EX-4.5.1 5 dex451.htm FORM OF INCENTIVE STOCK OPTION LETTER AGREEMENT Form of Incentive Stock Option Letter Agreement

EXHIBIT 4.5.1

ADVANCED POWER TECHNOLOGY, INC.

INCENTIVE STOCK OPTION LETTER AGREEMENT

TO: «name»

The Plan Administrator of the ADVANCED POWER TECHNOLOGY, INC. (the “Company”) 2005 Equity Incentive Plan (the “Plan”) is pleased to inform you that you have been selected to receive a grant of an incentive stock option under the Plan. Subject to the terms and conditions set forth below and in the Plan, you are hereby granted an incentive stock option under the Plan for the purchase of «shares» shares of the Company’s Common Stock at an exercise price of $«exprice» per share. A copy of the Plan is attached and incorporated into this Agreement by reference.

1. Term: The term of the option is ten years from the date of this Agreement and therefore, to the extent not exercised, will automatically terminate on «termdate», unless sooner terminated.

2. Who May Exercise: During your lifetime, only you can exercise the option. The Plan also provides for exercise of the option by the personal representative of your estate or the beneficiary thereof following your death.
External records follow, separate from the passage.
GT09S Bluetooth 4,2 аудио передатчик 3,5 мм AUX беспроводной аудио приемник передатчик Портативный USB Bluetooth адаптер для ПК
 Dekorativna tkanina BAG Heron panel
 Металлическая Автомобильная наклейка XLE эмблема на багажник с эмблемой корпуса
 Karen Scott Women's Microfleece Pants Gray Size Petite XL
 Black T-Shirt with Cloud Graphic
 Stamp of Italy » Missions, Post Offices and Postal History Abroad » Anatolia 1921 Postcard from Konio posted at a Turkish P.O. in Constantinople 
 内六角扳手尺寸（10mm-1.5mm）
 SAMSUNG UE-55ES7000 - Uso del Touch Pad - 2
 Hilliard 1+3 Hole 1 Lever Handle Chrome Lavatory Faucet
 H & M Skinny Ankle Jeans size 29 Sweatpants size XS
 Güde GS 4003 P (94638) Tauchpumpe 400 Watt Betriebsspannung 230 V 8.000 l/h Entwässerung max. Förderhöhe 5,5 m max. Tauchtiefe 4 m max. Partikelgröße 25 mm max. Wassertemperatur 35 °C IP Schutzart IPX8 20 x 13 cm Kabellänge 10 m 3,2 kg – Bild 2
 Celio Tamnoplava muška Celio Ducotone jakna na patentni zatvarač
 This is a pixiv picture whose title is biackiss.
3. Payment for Shares: The option may be exercised by the delivery of cash, personal check (unless the Plan Administrator decides at the time of exercise not to accept a personal check), bank certified or cashier’s check. At the sole discretion of the Plan Administrator, all or part of the required payment may be in the form of a promissory note, according to the terms dictated by the Plan Administrator and the Plan. In addition, payment may be made by transferring shares of Company stock (acquired by the exercise of this Option or previously owned by you) to the Company as payment of the exercise price.

4. Termination of Employment: If your employment with the Company terminates, the unvested portion of such options will expire. Disposition and treatment of vested portions of outstanding options shall be in accordance with the provisions of Section 7 of the Plan.

5. Transfer of Option: The option is not transferable except by will or by the applicable laws of descent and distribution.

6. Criteria Affecting Exercise: Before you can exercise the option, all of the criteria set forth below relating to your length of service with the Company must be realized.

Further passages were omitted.